Supplied data =
______

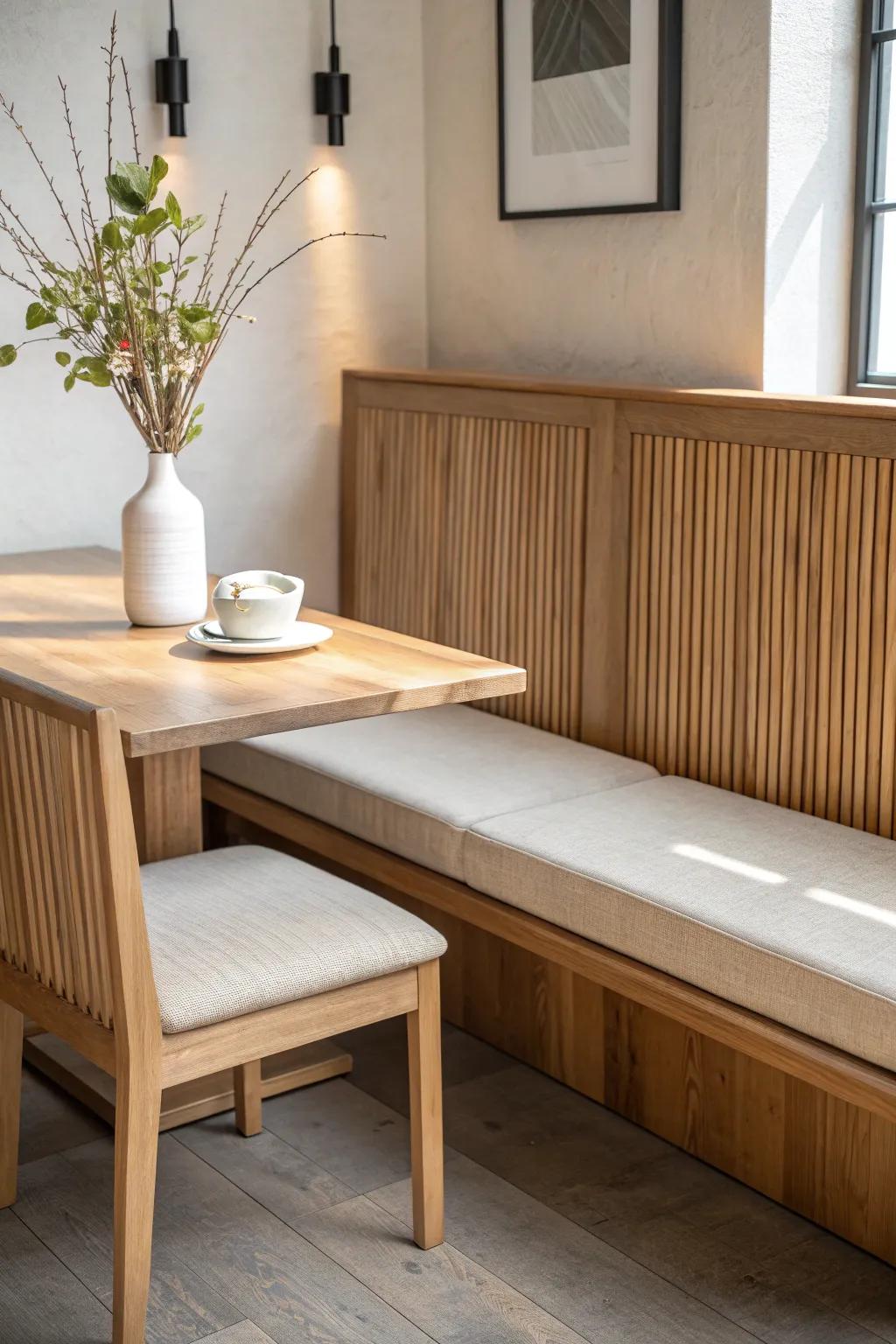 Cozy booth line, ever-changing chairs—flexible seating that keeps your dining room fresh.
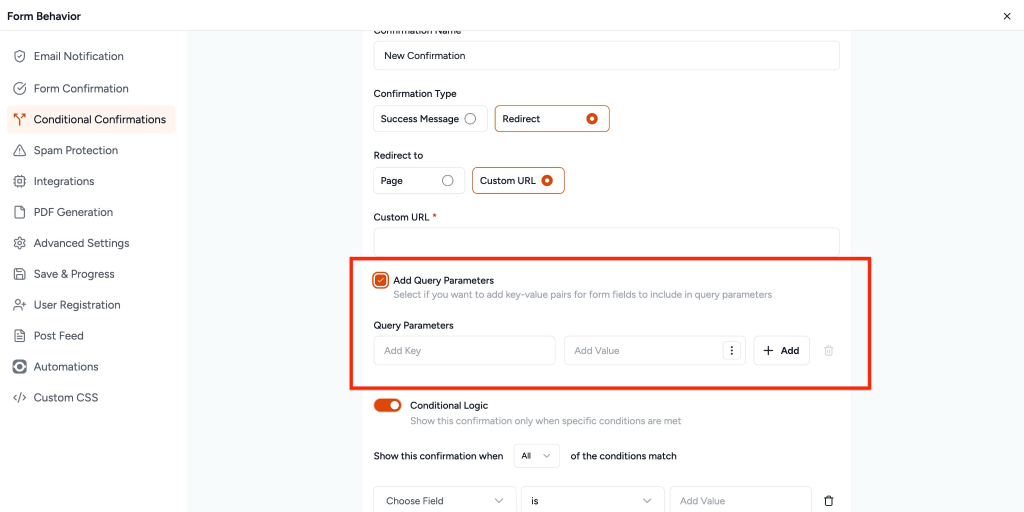 Conditional Confirmations in SureForms Add Query Parameters option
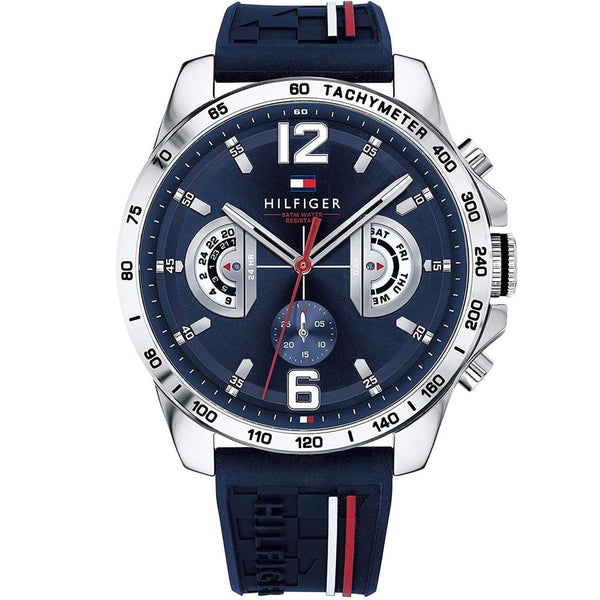 Tommy Hilfiger Decker 1791476 herrklocka med blått silikonarmband och silver boett, visad framifrån.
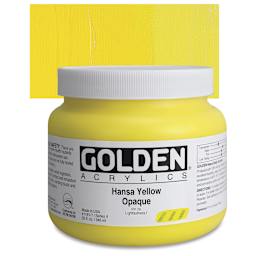 Golden Heavy Body Artist Acrylic - Hansa Yellow Opaque, 32 oz Jar and swatch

______

Task objective = Output the complete listing exactly. Pictures stay out.

Completed exercise =
 Cozy booth line, ever-changing chairs—flexible seating that keeps your dining room fresh.
 Conditional Confirmations in SureForms Add Query Parameters option
 Tommy Hilfiger Decker 1791476 herrklocka med blått silikonarmband och silver boett, visad framifrån.
 Golden Heavy Body Artist Acrylic - Hansa Yellow Opaque, 32 oz Jar and swatch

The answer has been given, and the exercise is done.